Israeli ambassador tells Ukrainians their national heroes were ‘horror for Jews’
Jewish state had largely remained silent over Kiev’s efforts to rehabilitate figures seen as complicit in the Holocaust
Israel’s new ambassador to Ukraine described that country’s nationalist heroes as “historically a horror for the Jews.”
Joel Lion spoke out harshly against Ukraine’s rehabilitation of various World War II-era figures in an interview with local radio.
Figures such as Stepan Bander and Roman Shukhevych are widely seen as “heroes who fought for Ukraine’s independence,” but “we see them as the killers of Jews,” Lion said in an interview with Radio Svoboda.
Israel has largely remained silent over recent Ukrainian efforts to rehabilitate figures seen as complicit in the Holocaust and refrained from condemning a 2015 law codifying their status as national heroes.

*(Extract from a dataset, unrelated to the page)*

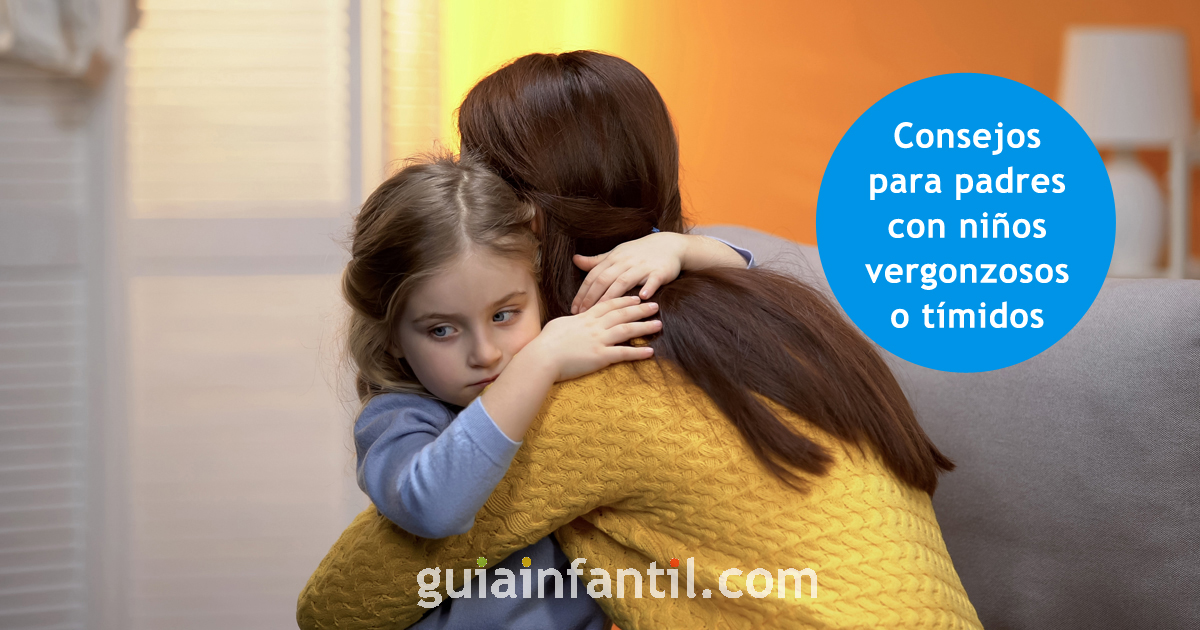 padres con niños vergonzosos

“A dialogue should be open between us so that we can see that we can talk openly about this bad time period because these issues will always arise in the Ukrainian-Israeli dialogue. This is a very necessary dialogue,” Lion said.
“We expect our Ukrainian friends to understand our emotions. You can store historical memory and open memorial monuments, commit acts of memorialization, but there will always be a perception of the historical memory that was.”
Last year Eliav Belotzercovsky, the previous ambassador, told attendees at a Jewish conference in Odessa that the honoring of anti-Semites was a “problem” that was “not in line” with Israel’s interests.
Lion’s comments on Ukraine stand in stark contrast to Israel’s approach elsewhere. Prime Minister Benjamin Netanyahu has made warm overtures to Hungary’s nationalist government, even as senior leaders there have praised their own World War II-era leaders who helped perpetrate the Holocaust.